The Dust of 100 Dogs is a novel that merges both present day and historical fiction, spanning the reach of over several centuries. It is told from varying points of view in just about every other chapter. The interesting thing is that the point of view is told from one soul. In the 1700s, Emer Morrissey was living the life of a successful, enterprising, swashbuckling pirate and gathering riches beyond her imaginings. A successful feat, considering her origins. She had a pretty tough childhood. When her parents are killed after Cromwell’s army invades Ireland, her guardianship falls into the hands of an abusive Uncle at the age of six. By her early teens, she manages to escape and eventually leaves Ireland, her voyage ultimately landing her in the Caribbean. But after an enterprising life as a pirate sailing the high seas, manning her own ship, and just after miraculously reuniting with her lost love from Ireland, her life is cut short. Her vindictive murderer dooming her, in her final moments, to live as a dog for 100 lives.
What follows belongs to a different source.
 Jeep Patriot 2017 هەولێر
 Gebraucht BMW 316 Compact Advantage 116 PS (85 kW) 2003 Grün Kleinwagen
In fulfillment of the curse, Emer is reincarnated 100 times over as a dog with her memory intact: thus allowing her a discerning sense of judgment unusual for a canine. Until centuries later, after completion of the 100 lives she’s lived, she is finally born into an Irish-American family as a human girl named Saffron Adams. Due to the extensive knowledge gained throughout the ages, she is considered a ‘genius’ since she knows more than most teens her age. She is brilliant, an excellent student that her parents see as their ticket out of their lower-income status. But Saffron has other plans in mind, and that is to recover the treasure she buried centuries ago when she lived as Emer. She comes from a slightly dysfunctional family, and she is desperate to make something of herself. After high school, she bravely begins her voyage to head where her life as Emer was cut short hundreds of years earlier in an effort to recover this buried treasure.
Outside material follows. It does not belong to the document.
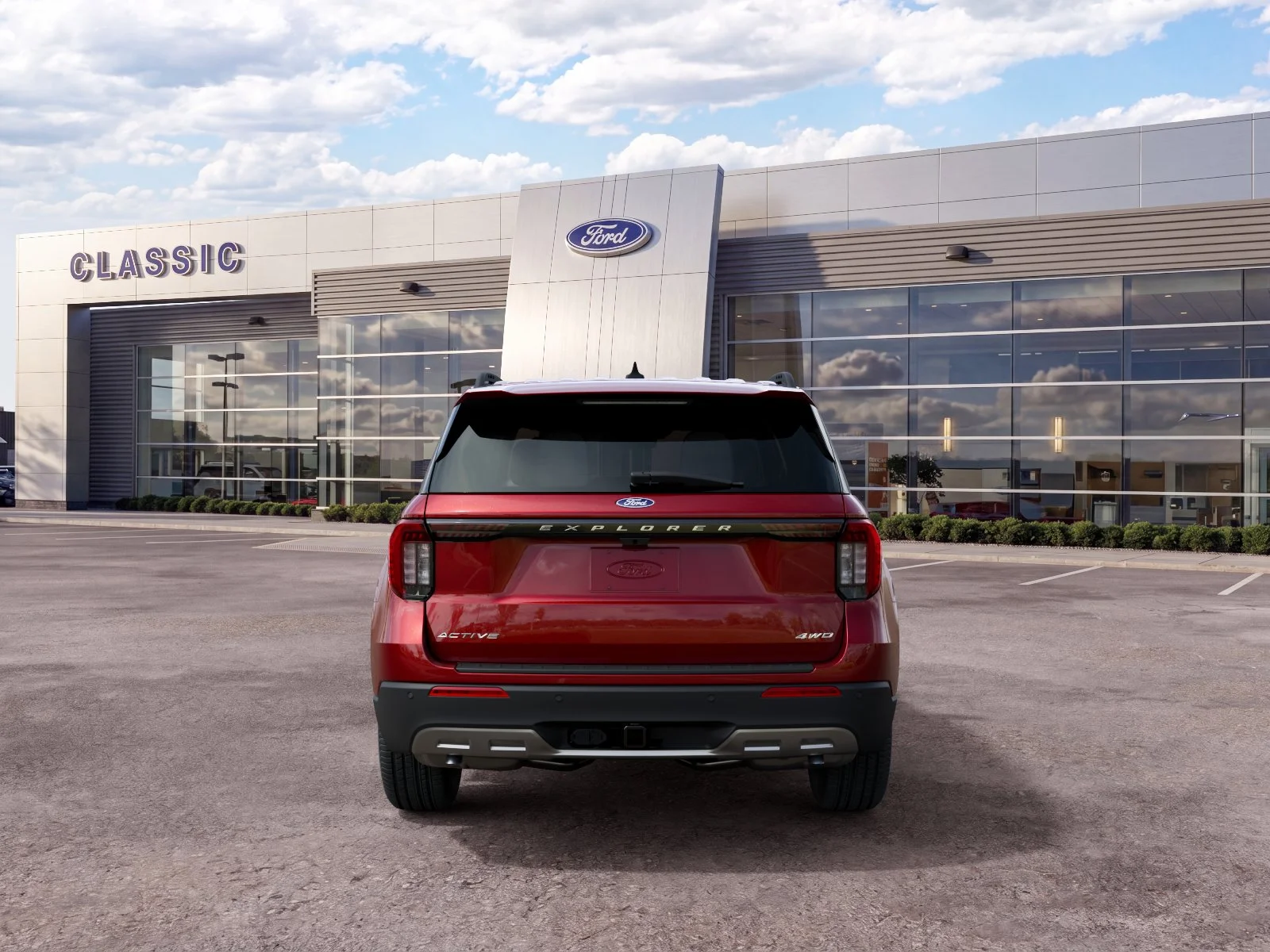 New 2027 Ruby Red Metallic Tinted Clearcoat Ford Active image 26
For every other chapter of the Dust of 100 Dogs, A.S. King switches the point of view from Saffron to the pirate Emer, darting you back and forth between the past and present, with intermissions of Dog Facts scattered throughout the novel. But this is not just any dog fact you read, it’s told from the point of Emer/Saffron, when her soul reincarnated into these canines, sharing not only what she learned as a dog, giving handy advice to canine owners, but what she discovered about human nature and ultimately herself. So that when she is reborn again, she’s gained some compassion that was missing in Emer. Emer was a pretty ruthless pirate, and seemed to spare no enemy. The novel is excellent, but some parts are a little graphic. The war in Ireland during Cromwell’s invasion, where women and children are slain. And of course, her life as a pirate with all the battles she waged.
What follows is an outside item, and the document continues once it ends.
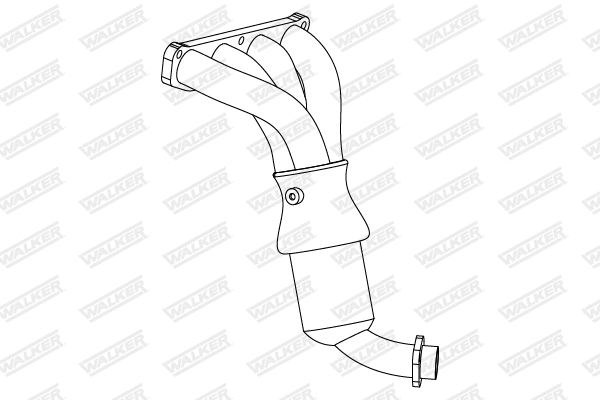 Catalyseur WALKER 28851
I loved the writing, and enjoyed the dialogue of The Dust of 100 Dogs. I thought A.S. King did a great job on one character named Fred Livingstone who seemed to hear ‘voices’ and carried conversations with himself. That was especially humorous. I could read Fred’s chapter and his quirky self-dialogue over and over again. Although he appears from out of nowhere and seems completely separate from Saffron, he proves to have a very surprising connection with her. The story ends leaving you satisfied for the character.